Et c'est avec l'avènement du professionnalisme que la mêlée a peu à peu perdu de son charme d'antan, son parfum de soufre et de camphre. A partir de 1998 on a demandé aux gros de devant de faire autre chose que de fournir un effort surhumain en mêlée. Tout est allé plus vite, et tout s'est aseptisé : ont disparu aussi les 2ème ligne assassins d'antan, Tachdjian, Dejean, Gourragne, ceux qui savaient d'un délicat revers de manche assaisonner le talonneur adverse lorsqu'ils sentaient que leur coéquipier de 1ère ligne perdait l'ascendant, ceux qui en passant négligemment un bras vengeur allait d'un uppercut assassin déclencher la générale qui permettrait d'éviter une honteuse reculade. Toutes ces braves bourriques sacrifiées sur l'autel méprisant de la condition physique et de la bien-pensance qui ne peut plus supporter que ses adeptes se chicorent devant l'objectif inquisiteur des caméras obscènes. Et en supprimant ces justiciers de l'ombre, ces shérifs de la nuit, ces allumeurs de 36 chandelles, on a supprimé tout code d'honneur, toute législation tacite, laissant ainsi le champ libre aux tricheurs, aux pousseurs en travers, aux renifleurs de gazon, aux fossoyeurs d'affrontements. L'autorégulation chère au Rapetou Serge Simon n'est plus, et la mêlée est devenue… mêlasse.
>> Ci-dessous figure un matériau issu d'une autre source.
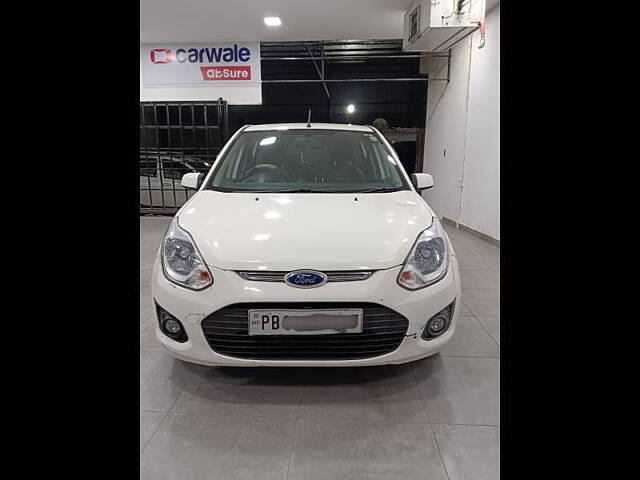 Used 2014 Ford Figo in Ludhiana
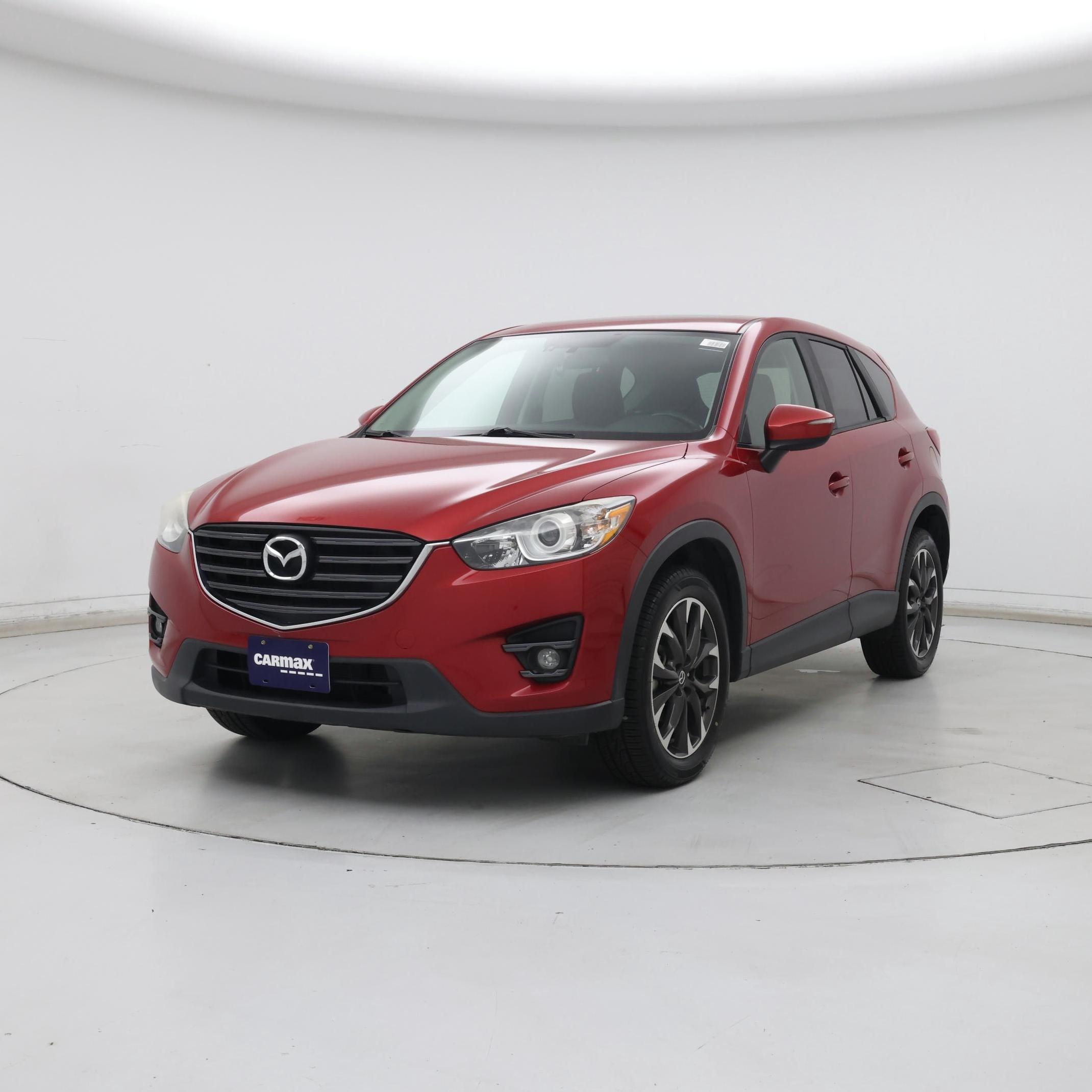 Thumbnail: 2016 Mazda CX-5 - 4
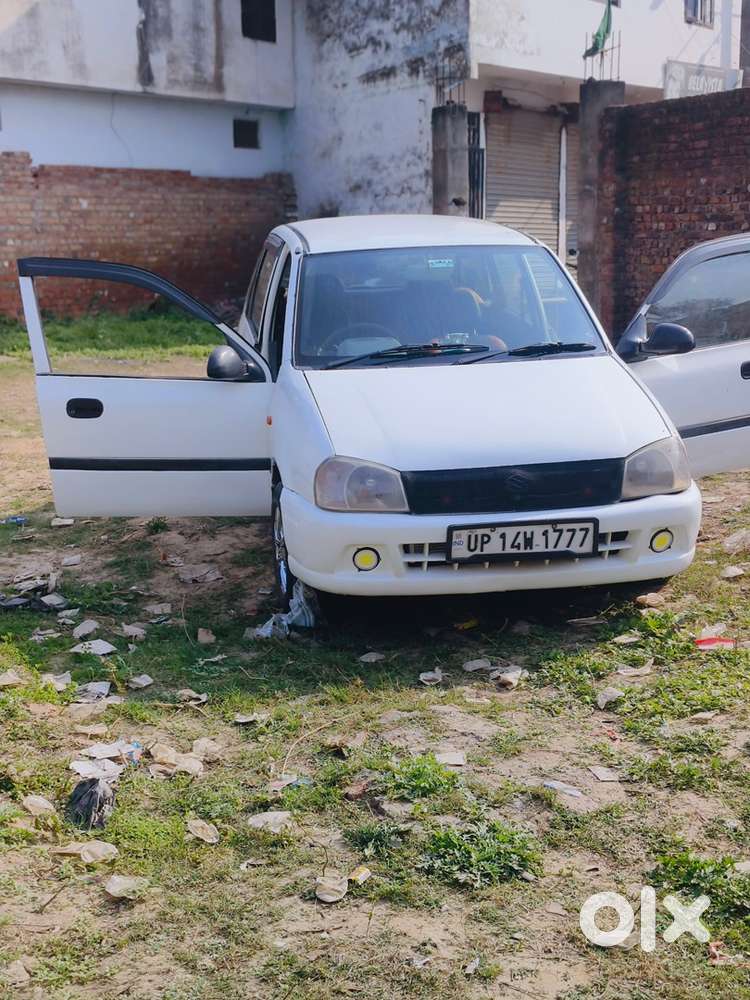 Maruti Suzuki Zen 2004 Petrol Good Condition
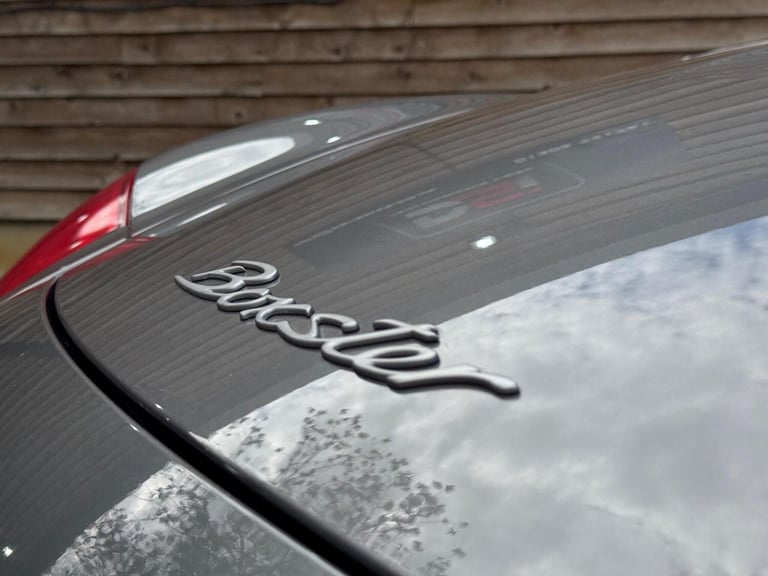 2011 Porsche Boxster 2.9 987 PDK 2dr Convertible Petrol Automatic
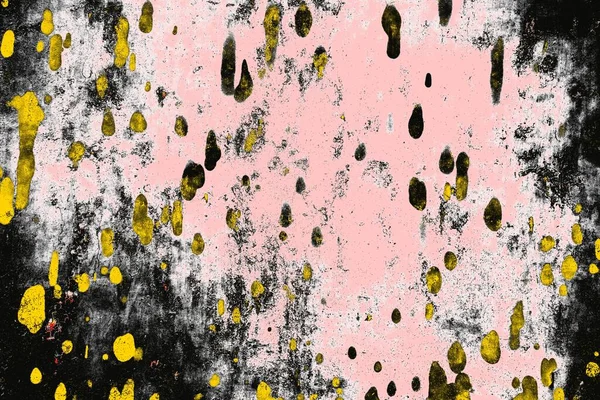 Soyut sanat duvar resmi. Modern, çağdaş sanat geçmişi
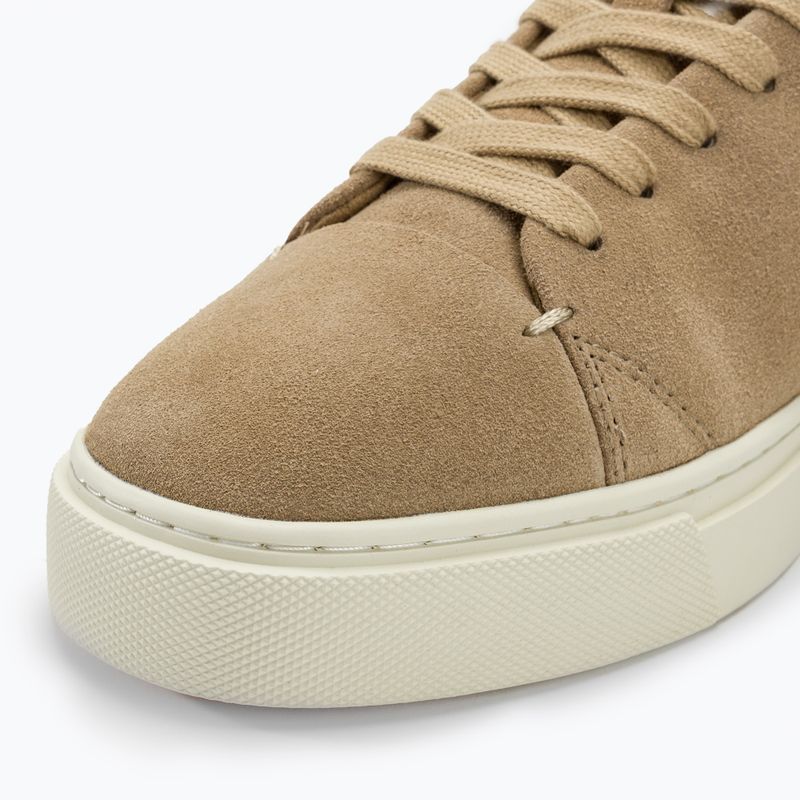 Încălțăminte pentru bărbați GANT Mc Julien dark khaki/cognac 7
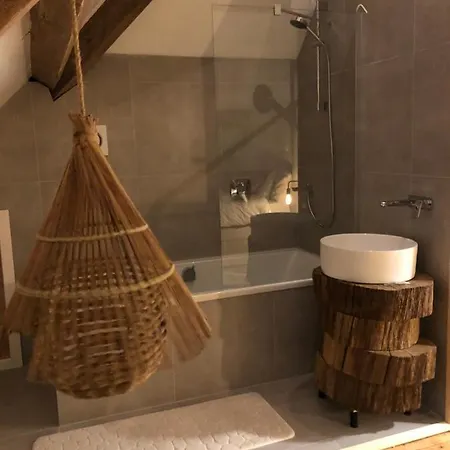 L'idee Du Jour Guest house *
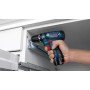 Trapano avvitatore mini  bosch - gsr 12v-15 - 2x2,0ah+gal12v-20+bag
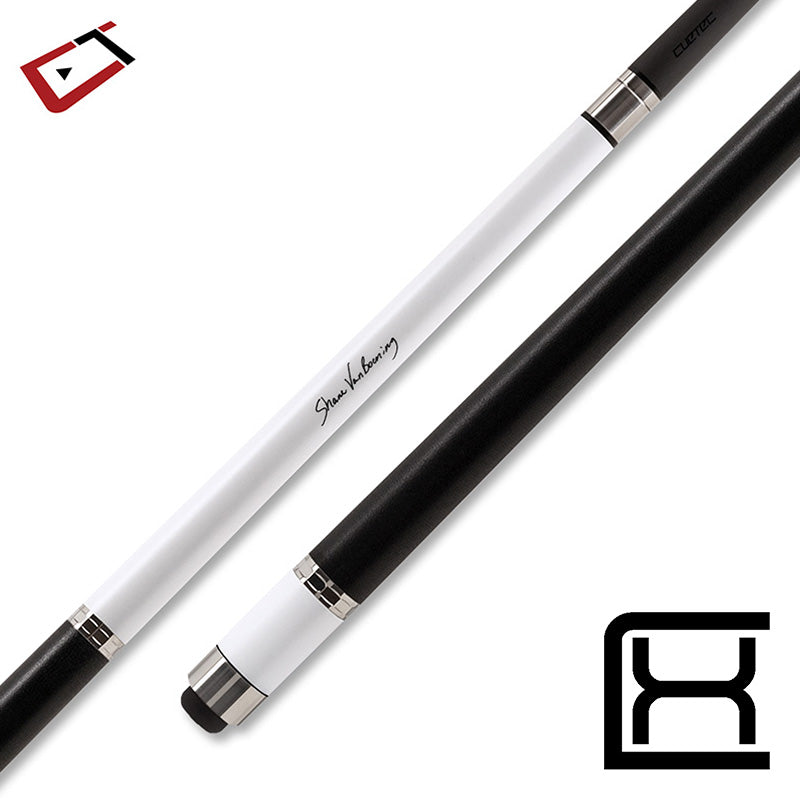 Cuetec Cynergy SVB-WH Pool Cue - Excellence Billiards NZL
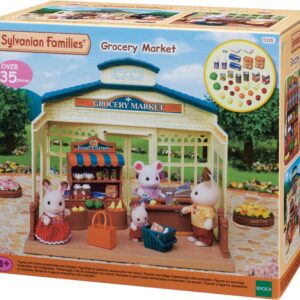 Sylvanian Families 5315 – Village Supermarket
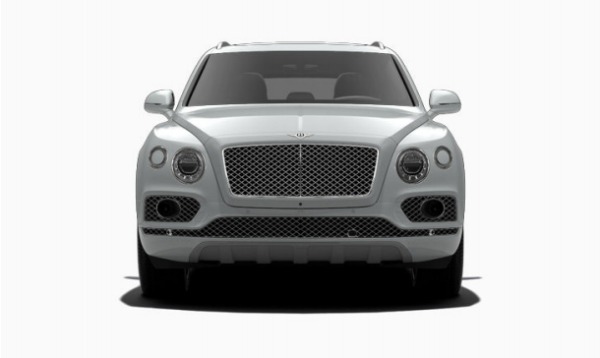 Used 2017 Bentley Bentayga for sale Sold at Alfa Romeo of Greenwich in Greenwich CT 06830 2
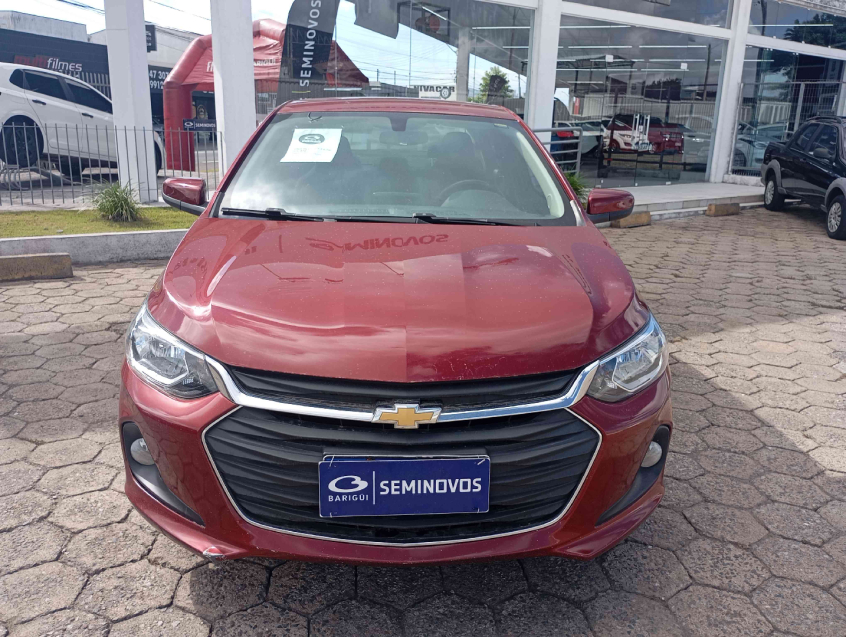 chevrolet onix 1.0 flex automatico 2021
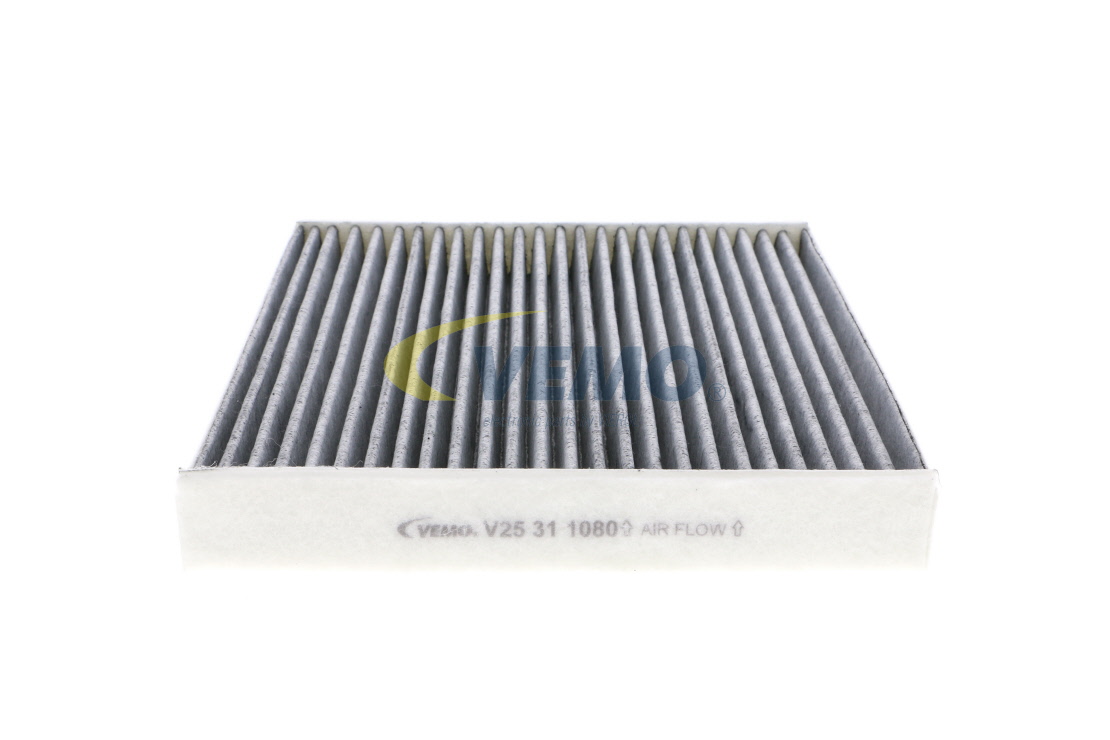 order VEMO (V25-31-1080) Interieurfilter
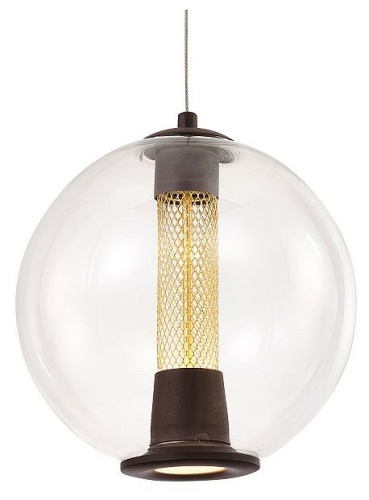 Подвесной светильник Favourite Boble 4550-2P в Кадникове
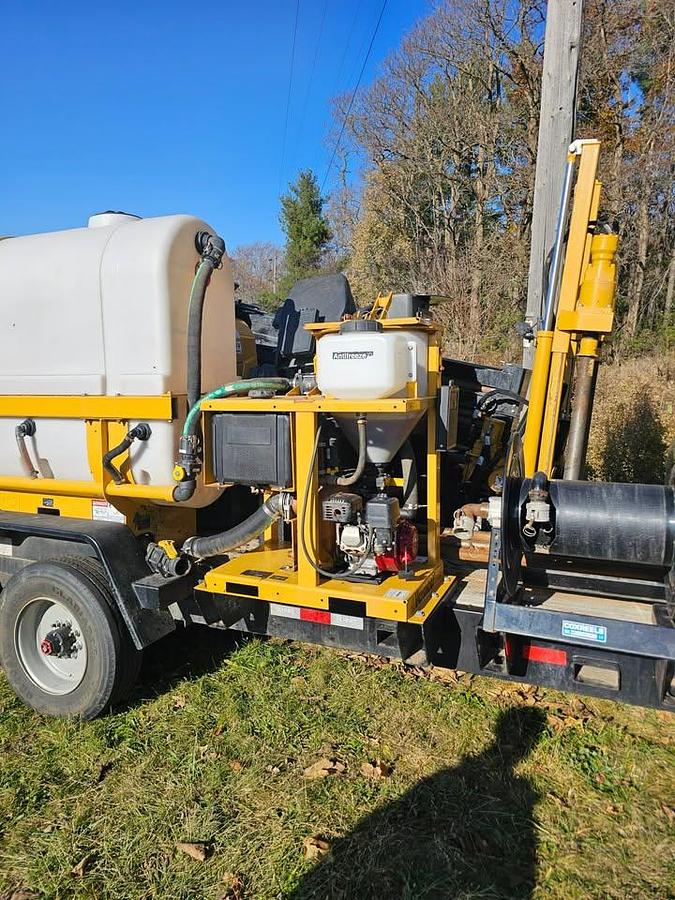 Used 2024 Vermeer 20X22 Complete Package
Et depuis quelques années, on a beau au début de chaque saison proférer des monceaux de bonnes intentions, se dire que maintenant c'est fini, qu'on va sévir, aller de stage d'arbitrage en compagnie d'éminents spécialistes en recommandation fédérale pour arrêter le carnage, tous les ans c'est pareil. Et l'instauration des 4 temps poussifs, réduits à 3 récession oblige, n'y change rien : la mêlée est devenu un moment pénible de chaque partie, une perte de temps systématique, une phase de jeu où on est à peu près sûr qu'il ne se passera rien d'intéressant : plus d'avancées monstrueuses, d'entrées au casque rageuses, de piétinements sauvages, de piliers qui montent en cathédrale, de frappes chirurgicales et de kick-boxing à 16, on s'emmerde, n'ayons pas peur des mots, oui, on s'emmerde.

Et si au moins cette phase de jeu laissait le temps aux aficionados assoiffés d'aller chercher une bière à la buvette, mais même pas, les arbitres exaspérés ne laissent plus refaire moultes fois les mêlés foireuses, au bout de 2 ou 3 ils sévissent, n'importe comment et dans le plus grand désarroi, distribuant les pénalités au petit bonheur la chance, sauf si c'est le Bého.
Et encore on a de la chance, les en-avant ont été divisés par 2 depuis qu'on a décidé d'arrêter de jouer avec des savonnettes et que Chabal a quitté le top 14.

Voilà où on en est, et voilà pourquoi je réclame une décision ultime et salvatrice : supprimons la mêlée. Ce spectacle affligeant et rétrograde, comme la corrida ou le lancer de nain, n'a plus sa place dans notre société moderne et civilisée.
Bon, d'accord, diront certains esprits chafouins, mais qu'est-ce qu'on fait à la place? Du tir à la corde? Un ni-oui ni-non ? Des combats de gladiateurs? Comment remettre la balle en jeu, on va quand-même pas simuler avec six mulets comme ces dégénérés de treizistes? Des remises en jeu style football américain, avec 5 ou 6 crétins stéroïdés se regardant dans le blanc du casque avant de s'affronter façon sumos croisés?

Comme j'ai déjà suffisamment travaillé pour un mois d'août, et vu que je n'ai même pas eu un Tee-Shirt gratuit en guise d'émolument (aux morts) pour mes précédents articles, je vous laisse faire fonctionner votre imagination féconde pour nous faire des propositions que la Boucherie Ovalie ne manquera pas de transmettre à l'International Rugby Boardel.

Dans l'attente, et même dans le camping-car, je conclurai quand même que oui, la mêlée est coupable, et son avocat Fabien Galthié vous en persuadera mieux que moi.